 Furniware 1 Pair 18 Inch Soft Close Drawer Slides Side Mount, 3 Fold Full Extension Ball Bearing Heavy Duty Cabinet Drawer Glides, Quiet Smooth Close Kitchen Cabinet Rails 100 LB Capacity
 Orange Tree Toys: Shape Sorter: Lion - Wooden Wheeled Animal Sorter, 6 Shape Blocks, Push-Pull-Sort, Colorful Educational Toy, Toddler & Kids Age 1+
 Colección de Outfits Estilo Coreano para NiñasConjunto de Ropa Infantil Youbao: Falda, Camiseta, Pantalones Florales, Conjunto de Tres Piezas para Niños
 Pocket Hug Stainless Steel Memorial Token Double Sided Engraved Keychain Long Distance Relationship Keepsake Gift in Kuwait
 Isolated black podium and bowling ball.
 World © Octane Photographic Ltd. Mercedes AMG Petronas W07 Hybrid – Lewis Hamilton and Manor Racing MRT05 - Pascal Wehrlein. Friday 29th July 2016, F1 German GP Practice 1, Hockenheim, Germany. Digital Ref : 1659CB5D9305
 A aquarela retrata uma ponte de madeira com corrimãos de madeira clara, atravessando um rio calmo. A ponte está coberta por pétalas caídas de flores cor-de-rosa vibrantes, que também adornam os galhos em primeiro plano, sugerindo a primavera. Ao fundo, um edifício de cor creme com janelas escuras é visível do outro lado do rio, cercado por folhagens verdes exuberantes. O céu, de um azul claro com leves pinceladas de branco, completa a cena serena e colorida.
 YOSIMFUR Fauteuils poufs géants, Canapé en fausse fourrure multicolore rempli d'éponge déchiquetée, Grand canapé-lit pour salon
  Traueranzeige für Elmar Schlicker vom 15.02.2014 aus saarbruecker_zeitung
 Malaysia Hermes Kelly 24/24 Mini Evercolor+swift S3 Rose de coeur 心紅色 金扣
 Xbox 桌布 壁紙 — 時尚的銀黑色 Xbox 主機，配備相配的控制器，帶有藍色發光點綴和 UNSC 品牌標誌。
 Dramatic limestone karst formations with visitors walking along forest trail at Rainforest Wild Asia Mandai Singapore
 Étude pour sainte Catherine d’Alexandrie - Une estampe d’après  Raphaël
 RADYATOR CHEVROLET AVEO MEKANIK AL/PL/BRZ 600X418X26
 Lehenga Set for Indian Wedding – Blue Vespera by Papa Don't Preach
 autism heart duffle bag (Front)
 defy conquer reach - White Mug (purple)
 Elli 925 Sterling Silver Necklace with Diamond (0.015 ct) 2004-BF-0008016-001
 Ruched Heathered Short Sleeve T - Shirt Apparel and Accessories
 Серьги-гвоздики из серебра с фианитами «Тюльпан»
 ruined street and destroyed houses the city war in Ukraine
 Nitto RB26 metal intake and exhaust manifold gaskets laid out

·····

Problem details - If a line in the material above contains "pour", show that line.

Solution -
 YOSIMFUR Fauteuils poufs géants, Canapé en fausse fourrure multicolore rempli d'éponge déchiquetée, Grand canapé-lit pour salon
 Étude pour sainte Catherine d’Alexandrie - Une estampe d’après  Raphaël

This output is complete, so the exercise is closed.